BGP: Traffic Engineering and Demo
=================================

* Recap of BGP from last class, and continue discussion on BGP: Who
  needs to run BGP? Does a stub organization have to run BGP? In the
  common case, a small organization that buys internet service from an
  ISP just has a static route pointing to the ISP, and gets a small
  chunk of the ISP's IP address space. The ISP takes care of
  advertising a (usually) larger prefix that covers the IP space of
  several customers in one aggregated entry.

* However, many organizations try to have more than one ISP for
  redundancy. This is called multihoming. In this case, the
  organization usually prefers to get its own IP address block, and
  announce it over BGP to several ISPs. Goals of multihoming: load
  balancing across ISPs so that the traffic rate is within the
  contract, to provide redundancy as primary / backup (use second ISP
  only if first is down), use specific ISPs for specific kinds of
  traffic (for example, some ISPs or backbone networks charge less for
  traffic between academic institutions).
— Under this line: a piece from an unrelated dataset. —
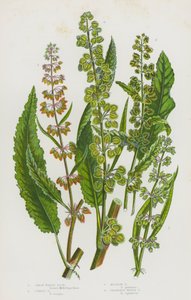 Blomstrende planter i Storbritannien: Great Water Dock, Curled Dock, Meadow Dock, Grainless Water Dock (farve litho) af English School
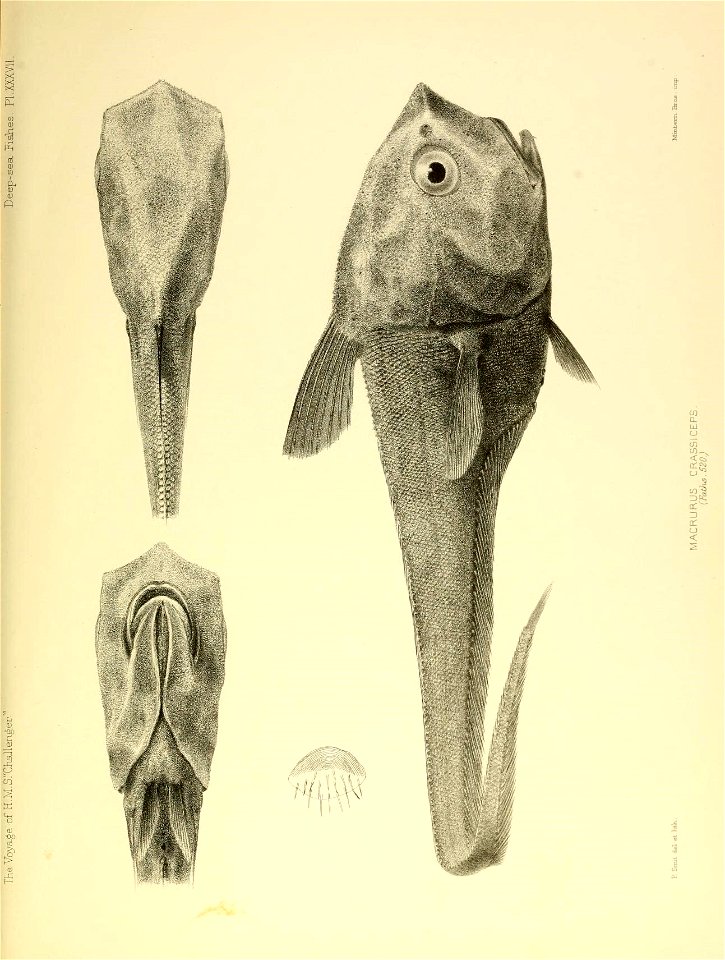 n598_w1150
* What happens if you use IP prefixes from one ISP's address space,
  while being multihomed?  Suppose your first ISP gives you a prefix
  A/24, and the ISP itself announces a larger A/20 prefix. Now, you
  take your A/24 and announce it via your second ISP also. Now, due to
  longest prefix match, your traffic will always arrive via the second
  ISP which is announcing A/24.

* How do you do load balancing with multihoming? Announce some
  prefixes via one ISP and rest via the other. If a prefix is
  announced via two ISPs, you can load balance on outgoing traffic
  (you can set your forwarding tables to send half the traffic on one
  link, and rest on the other). However, load balancing for inbound
  traffic is hard. That is, you have no control over which link the
  traffic destined to your hosts arrives on. It depends on how other
  routers compute their best paths.

* How do you do configure primary/backup links when you have
  multihoming? Suppose you have two ISPs, P and S, to serve as your
  primary and secondary ISPs. That is, you want traffic to come via S
  only if your link via P is down. If you announce the same prefix via
  P and S, you have no control on which link traffic arrives on. So
  you can do some tricks using BGP. For example, you may announce an
  aggregated prefix (say, one /24) via S, and more specific prefixes
  (say, two /25) via P. So, by default, all traffic will come via the
  P link. Only when the /25 prefixes announced by P are withdrawn due
  to failure of the link via P, then traffic will come via the /24
  through S. Another trick is AS path padding. You can pad your origin
  AS number several times on the path announced via S (e.g., AS1 AS2
  AS3 AS3 AS3), so that it appears as a longer AS path and will not be
  picked by default.

* Aggregating routing table entries. About half the prefixes in
  Internet routing tables are more specific versions of larger
  prefixes. So people argue that a lot of these entries can be
  aggregated to save valuable space, especially in core routing tables
  that tend to be very large. However, note that about half these
  cases of a larger and smaller prefix both appearing are due to
  multihoming. That is, the larger prefix and the smaller prefix have
  different AS paths, indicating that some kind of traffic engineering
  is being done. In such cases, if you aggregate the prefixes, then
  the desired traffic engineering cannot be achieved. BGP has a field
  to indicate if the route can be aggregated or not, which should be
  respected by other BGP routers.

* BGP routing convergence. When BGP routing information changes (e.g.,
  a new prefix or path has come up, or an existing one has gone down),
  BGP updates (announcements or withdrawals) are sent between BGP
  routers. What is the time taken from the time the change happens to
  the time that all routers know of and act according to this new
  information? This time is called the convergence time of a BGP
  update. Empirical studies have shown that this time is several tens
  of seconds. For example, researchers have inserted artificial path
  changes and observed how long it takes for these changes to get
  reflected in publicly available routing tables. This delay is around
  40-80 seconds for new routes coming up, and 80-200 seconds for old
  routes going down. It has also been observed that connectivity to
  the prefix is bad before convergence.

* What explains this high convergence time and issues with BGP? BGP
  undergoes what is called "path exploration" when a routing change
  happens. Since no router has complete knowledge of the topology, a
  few paths have to be tried before the correct routing tables are
  computed. While BGP does not have the routing loops and count to
  infinity problems with distance vector protocols, it does not have
  the quick convergence property of link state protocols either.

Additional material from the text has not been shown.